I think initially cash will still spend if SHTF. Directly after cash, it will become a barter system. Gold and silver will only come into play if a new government had to be formed.


----------



## inceptor

pharmer14 said:


> Gold does not make sense to me as an investment beyond the diversification aspect. There are mutual funds out there that consistently average 12% a year over the long term. That's a much better than gold usually does over such stretches.


The only problem I have with this is that if the economy tanks, PM's could be your only source of wealth.



pharmer14 said:


> I think initially cash will still spend if SHTF. Directly after cash, it will become a barter system. Gold and silver will only come into play if a new government had to be formed.


I don't disagree here. There may be a few who want to trade PM's but the majority of transactions will be barter.


----------



## budgetprepp-n

Denton said:


> Unless I am wrong, it is illegal to make "purchases" with anything other than currency.
> 
> What items individuals are willing to trade among themselves, on the other hand...

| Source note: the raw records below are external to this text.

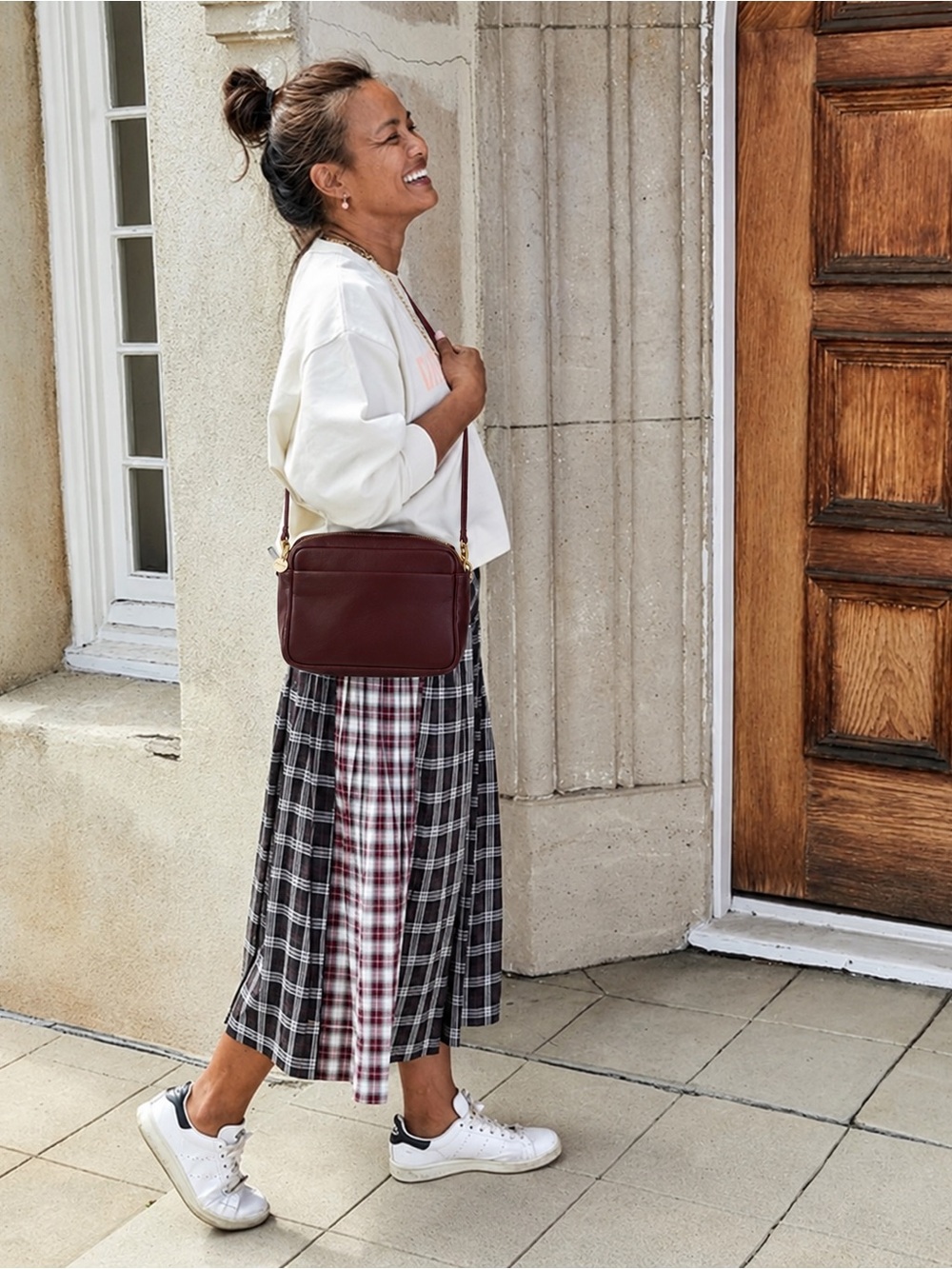 Clare V. Marisol with front pocket in burgundy NWT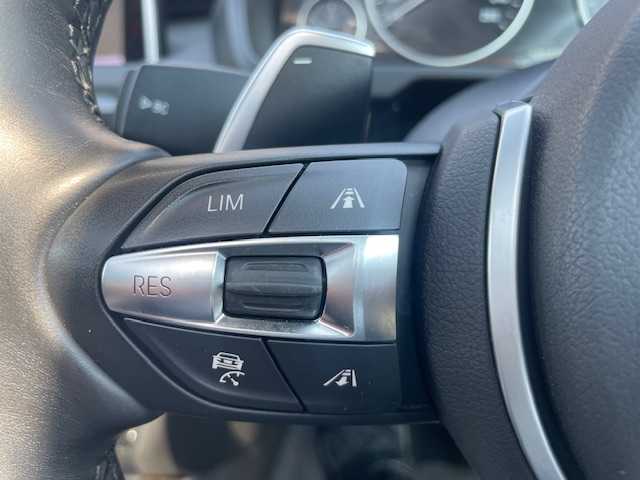 ＢＭＷ Ｘ５ xDrive 35d Mスポーツ 青森県 2016(平28)年 6.3万km アルピンホワイトⅢ ・4WD/・ディーゼル/ターボ/・サンルーフ/・メーカーHDDナビ/(Bluetooth/FM/AM/USB)/・全方位カメラ/・レーダークルーズコントロール/・ダウンヒルアシスト/・インテリジェントセーフティセンス/・前後バンパーソナー/・レザーシート（黒）/・運転席メモリーシート/・前席パワーシート/・電動リアゲート/・アンビエントライト/・ステアリングリモコン/・アイドリングストップ/・オートライト/・オートワイパー/・エアバックW/サイド/カーテ/・革巻きステア/・MTモード付AT/・フロアマット/・シルバールーフレール/・パワーバックドア/・純正アルミ20インチアルミホイール/・LEDヘッドライト/・ルームミラー一体型ETC/・フォグランプ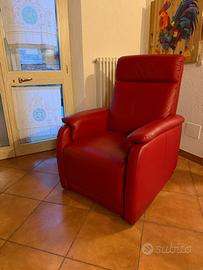 Poltrona sanitaria elettrica reclinabile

 Old silver US coins (pre 1965) are currency ,,There just worth more than face value


----------



## budgetprepp-n

pharmer14 said:


> Gold does not make sense to me as an investment beyond the diversification aspect. There are mutual funds out there that consistently average 12% a year over the long term. That's a much better than gold usually does over such stretches.
> 
> I think initially cash will still spend if SHTF. Directly after cash, it will become a barter system. Gold and silver will only come into play if a new government had to be formed.


 When TSHTF I don't think Mutual funds will do you much good. Gold and silver have had value before the beginning of currency and they always will.
When the dust settles people in the US and other countries will have stuff they want to sell. What do you think they will use for currency?
You can bet it won't be paper. Even if a new world currency comes out people will be shy of anything made of paper for quite a while 
Ok at first Food and survival items will what everyone wants. But that will change with a little time 
And old US silver coins are highly recognizable. And right now they are cheap and easy to find --that will change


----------



## Chipper

I would rather have something of value instead of shiny metal. Like guns, supplies, land, tools, animals etc. Take your shiny metal and US currency and trade it for something of value, NOW. Meaning something you can use to survive or that will be "useful" to other people for barter. 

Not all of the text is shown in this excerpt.